A bumpy road to somewhere
It has been an all-action year so far. Global equity markets have been in a downward trend since the end of 2021, led by US stocks. America’s mega-cap tech companies that were so loved throughout the pandemic have taken the biggest hit – with the tech-heavy Nasdaq falling nearly 10% in January. The change of fortunes was made abundantly clear last Friday morning after stock market darling Netflix plummeted 20% in pre-market trading after a warning on subscriber growth. UK equities seemed immune to the downturn in the first two weeks of the year, but that changed last week as the FTSE 100 joined the broader fall.
Earnings outlook
Investors could do with some good news. Inflation pressures continue to bite harder than expected while central banks press forward with their plans for tightening policy. But amid the market fears over global growth, hard data from companies can often provide some respite. As ever, the corporate earnings season for the last quarter of 2021 is an important one.
‘Just-in-case’ supply chains
Inflation continues to soar around the world.
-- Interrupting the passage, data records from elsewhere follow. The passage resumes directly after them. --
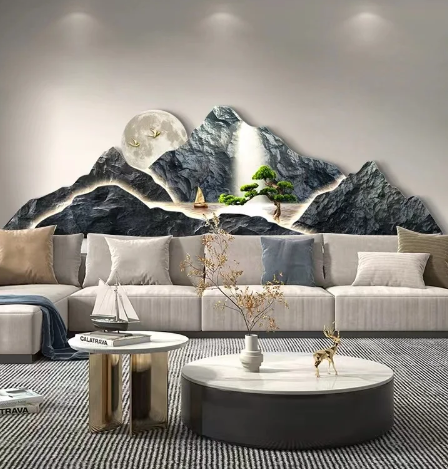 Breathtaking Mountain LED Wall Art Canvas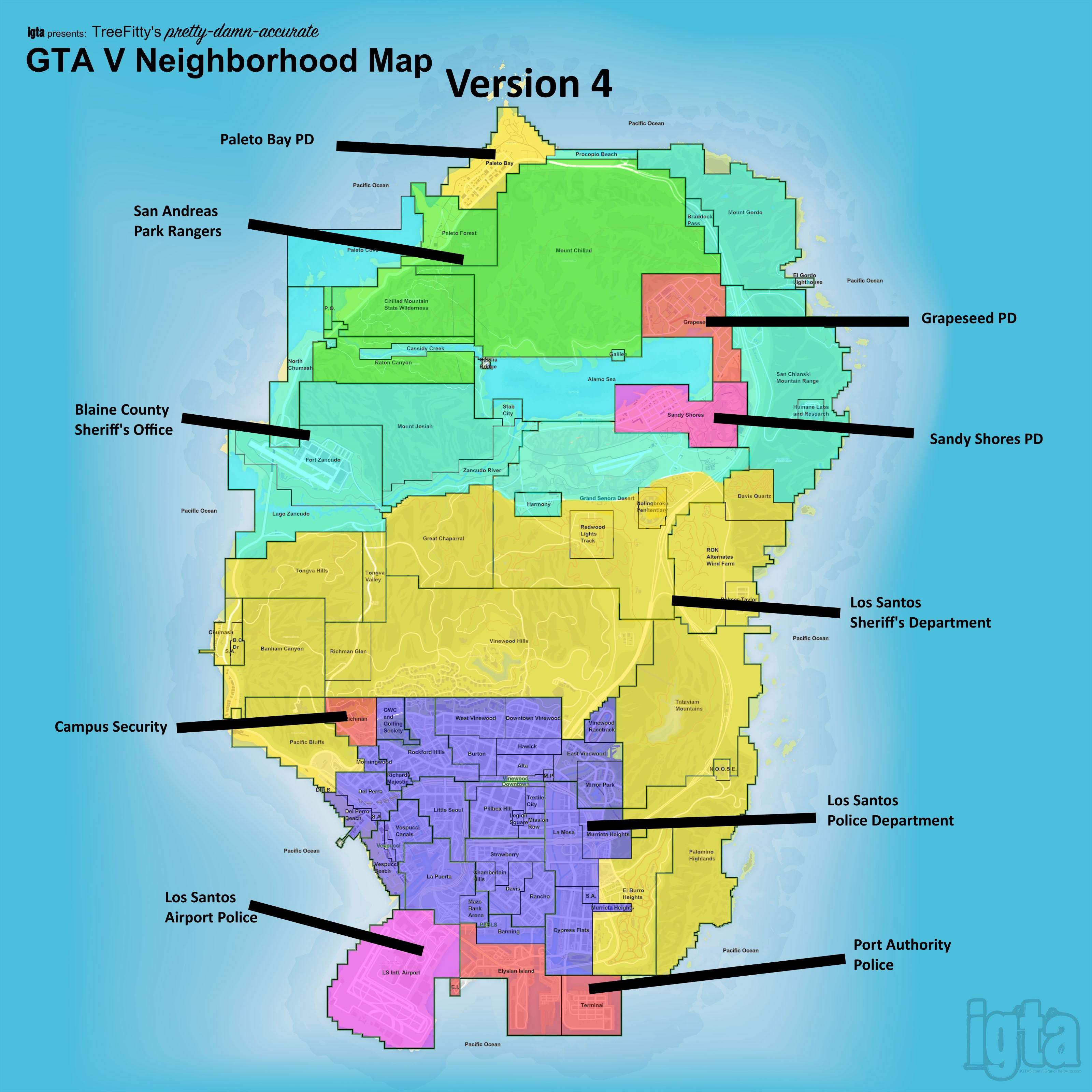 Gta 5 map neighborhoods фото 73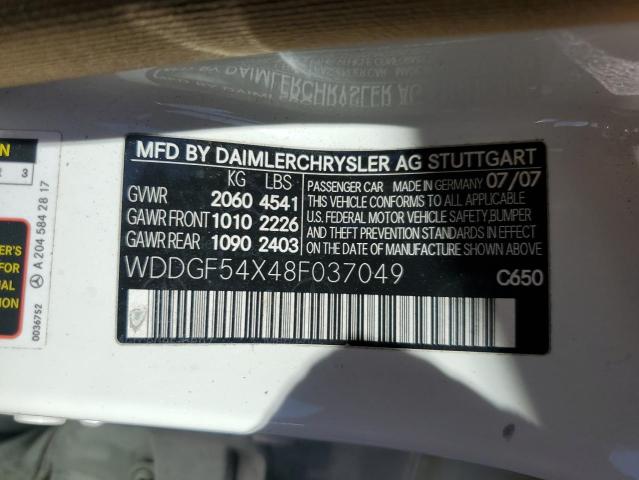 2008 MERCEDES-BENZ C 300 #3291356160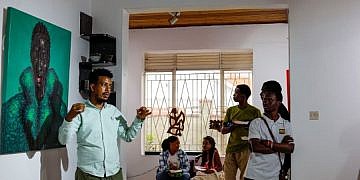 Nebay Abraha’s “I Want to go home” exhibition confronts emotional landscape of displacement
We wrote last week about how its persistence has driven ‘team transitory’ into retreat – as central banks now scramble to tighten monetary policy and choke off price rises. The strangest part of this, though, is that the argument for transitory inflation was a sound one. Most agree that soaring prices over the past 18 months have come from varied and unique supply-side issues across the world (even if against a backdrop of growing demand) and history tells us that these disruptions are usually short-lived.